HDFS snapshots

We mentioned earlier that HDFS replication alone is not a suitable backup strategy. In the Hadoop 2 filesystem, snapshots have been added, which brings another level of data protection to HDFS.

Filesystem snapshots have been used for some time across a variety of technologies. The basic idea is that it becomes possible to view the exact state of the filesystem at particular points in time. This is achieved by taking a copy of the filesystem metadata at the point the snapshot is made and making this available to be viewed in the future.

As changes to the filesystem are made, any change that would affect the snapshot is treated specially. For example, if a file that exists in the snapshot is deleted then, even though it will be removed from the current state of the filesystem, its metadata will remain in the snapshot, and the blocks associated with its data will remain on the filesystem though not accessible through any view of the system other than the snapshot.

An example might illustrate this point. Say, you have a filesystem containing the following files:

/data1 (5 blocks)
/data2 (10 blocks)

You take a snapshot and then delete the file /data2. If you view the current state of the filesystem, then only /data1 will be visible. If you examine the snapshot, you will see both files. Behind the scenes, all 15 blocks still exist, but only those associated with the un-deleted file /data1 are part of the current filesystem. The blocks for the file /data2 will be released only when the snapshot is itself removed—snapshots are read-only views.

Snapshots in Hadoop 2 can be applied at either the full filesystem level or only on particular paths. A path needs to be set as snapshottable, and note that you cannot have a path snapshottable if any of its children or parent paths are themselves snapshottable.

Let's take a simple example based on the directory we created earlier to illustrate the use of snapshots. The commands we are going to illustrate need to be executed with superuser privileges, which can be obtained with sudo -u hdfs.

First, use the dfsadmin subcommand of the hdfs CLI utility to enable snapshots of a directory, as follows:

$ sudo -u hdfs hdfs dfsadmin -allowSnapshot \
/user/cloudera/testdir
Allowing snapshot on testdir succeeded

Now, we create the snapshot and examine it; snapshots are available through the .snapshot subdirectory of the snapshottable directory. Note that the .snapshot directory will not be visible in a normal listing of the directory. Here's how we create a snapshot and examine it:

$ sudo -u hdfs hdfs dfs -createSnapshot \
/user/cloudera/testdir sn1
Created snapshot /user/cloudera/testdir/.snapshot/sn1

$ sudo -u hdfs hdfs dfs -ls \
/user/cloudera/testdir/.snapshot/sn1

Found 1 items -rw-r--r-- 1 cloudera cloudera 12 2014-11-13 11:21 /user/cloudera/testdir/.snapshot/sn1/testfile.txt

Now, we remove the test file from the main directory and verify that it is now empty:

$ sudo -u hdfs hdfs dfs -rm \
/user/cloudera/testdir/testfile.txt
14/11/13 13:13:51 INFO fs.TrashPolicyDefault: Namenode trash configuration: Deletion interval = 1440 minutes, Emptier interval = 0 minutes. Moved: 'hdfs://localhost.localdomain:8020/user/cloudera/testdir/testfile.txt' to trash at: hdfs://localhost.localdomain:8020/user/hdfs/.Trash/Current
$ hdfs dfs -ls /user/cloudera/testdir
$

Note the mention of trash directories; by default, HDFS will copy any deleted files into a .Trash directory in the user's home directory, which helps to defend against slipping fingers. These files can be removed through hdfs dfs -expunge or will be automatically purged in 7 days by default.

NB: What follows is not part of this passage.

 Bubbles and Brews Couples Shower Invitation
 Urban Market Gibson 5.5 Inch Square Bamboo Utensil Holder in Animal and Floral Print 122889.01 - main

Now, we examine the snapshot where the now-deleted file is still available:

$ hdfs dfs -ls testdir/.snapshot/sn1
Found 1 items drwxr-xr-x - cloudera cloudera 0 2014-11-13 13:12 testdir/.snapshot/sn1
$ hdfs dfs -tail testdir/.snapshot/sn1/testfile.txt
Hello world

Then, we can delete the snapshot, freeing up any blocks held by it, as follows:

$ sudo -u hdfs hdfs dfs -deleteSnapshot \
/user/cloudera/testdir sn1 
$ hdfs dfs -ls testdir/.snapshot
$

As can be seen, the files within a snapshot are fully available to be read and copied, providing access to the historical state of the filesystem at the point when the snapshot was made. Each directory can have up to 65,535 snapshots, and HDFS manages snapshots in such a way that they are quite efficient in terms of impact on normal filesystem operations. They are a great mechanism to use prior to any activity that might have adverse effects, such as trying a new version of an application that accesses the filesystem. If the new software corrupts files, the old state of the directory can be restored. If after a period of validation the software is accepted, then the snapshot can instead be deleted.